My cousin Westmoreland? No, my fair cousin:
If we are mark'd to die, we are enow
To do our country loss; and if to live,
The fewer men, the greater share of honour.
God's will! I pray thee, wish not one man more.
By Jove, I am not covetous for gold,
Nor care I who doth feed upon my cost;
It yearns me not if men my garments wear;
Such outward things dwell not in my desires:
But if it be a sin to covet honour,
I am the most offending soul alive.
No, faith, my coz, wish not a man from England:
God's peace! I would not lose so great an honour
As one man more, methinks, would share from me
For the best hope I have. O, do not wish one more!
Rather proclaim it, Westmoreland, through my host,
That he which hath no stomach to this fight,
Let him depart; his passport shall be made
And crowns for convoy put into his purse:
We would not die in that man's company
That fears his fellowship to die with us.
This day is called the feast of Crispian:
He that outlives this day, and comes safe home,
Will stand a tip-toe when the day is named,
And rouse him at the name of Crispian.
He that shall live this day, and see old age,
Will yearly on the vigil feast his neighbours,
And say 'To-morrow is Saint Crispian:'
Then will he strip his sleeve and show his scars.
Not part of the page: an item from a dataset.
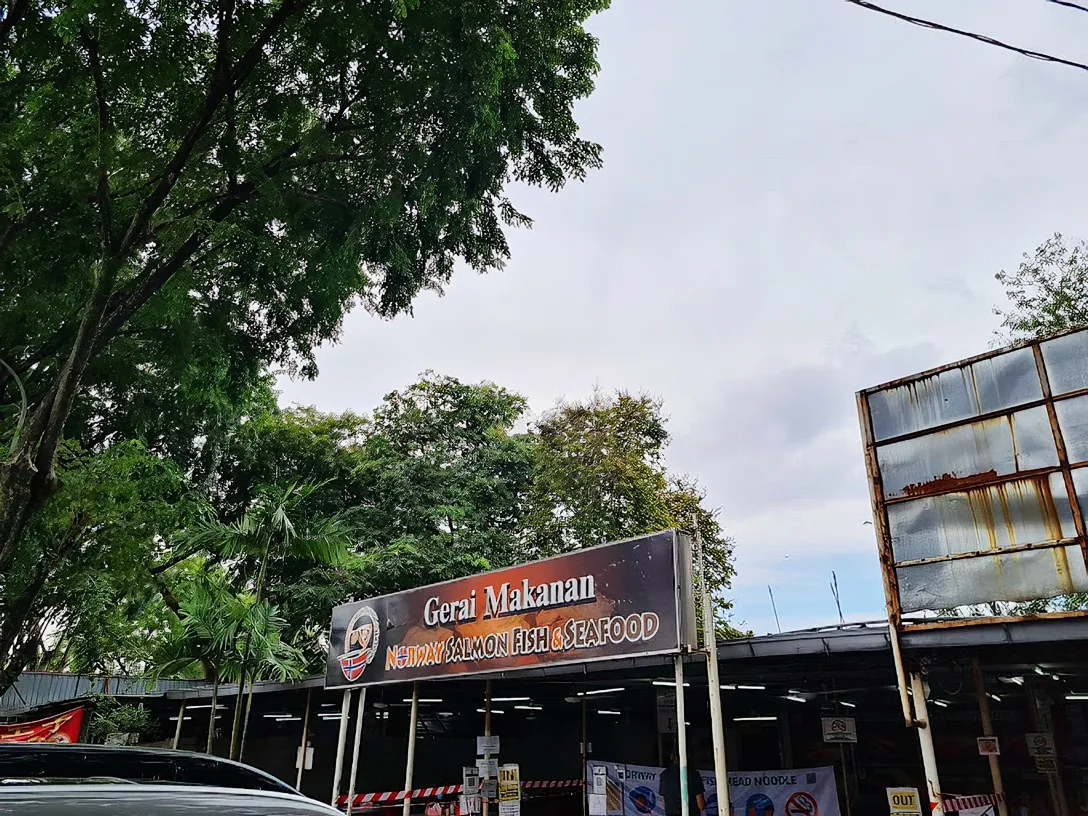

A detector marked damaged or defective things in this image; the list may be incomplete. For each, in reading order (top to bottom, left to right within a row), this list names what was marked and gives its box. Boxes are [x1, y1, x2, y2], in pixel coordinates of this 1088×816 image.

rusty metal structure [856, 326, 1088, 632]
And say 'These wounds I had on Crispin's day.'
Old men forget: yet all shall be forgot,
But he'll remember with advantages
What feats he did that day: then shall our names.
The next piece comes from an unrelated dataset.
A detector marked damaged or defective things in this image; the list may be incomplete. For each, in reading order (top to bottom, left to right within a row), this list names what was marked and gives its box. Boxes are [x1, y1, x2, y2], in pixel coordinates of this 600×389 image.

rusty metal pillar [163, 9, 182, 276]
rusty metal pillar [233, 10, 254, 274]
Familiar in his mouth as household words
Harry the king, Bedford and Exeter,
Warwick and Talbot, Salisbury and Gloucester,
Be in their flowing cups freshly remember'd.
This story shall the good man teach his son;
And Crispin Crispian shall ne'er go by,
From this day to the ending of the world,
But we in it shall be remember'd;
We few, we happy few, we band of brothers;
For he to-day that sheds his blood with me
Shall be my brother; be he ne'er so vile,
This day shall gentle his condition:
And gentlemen in England now a-bed
Shall think themselves accursed they were not here,
And hold their manhoods cheap whiles any speaks
That fought with us upon Saint Crispin's day.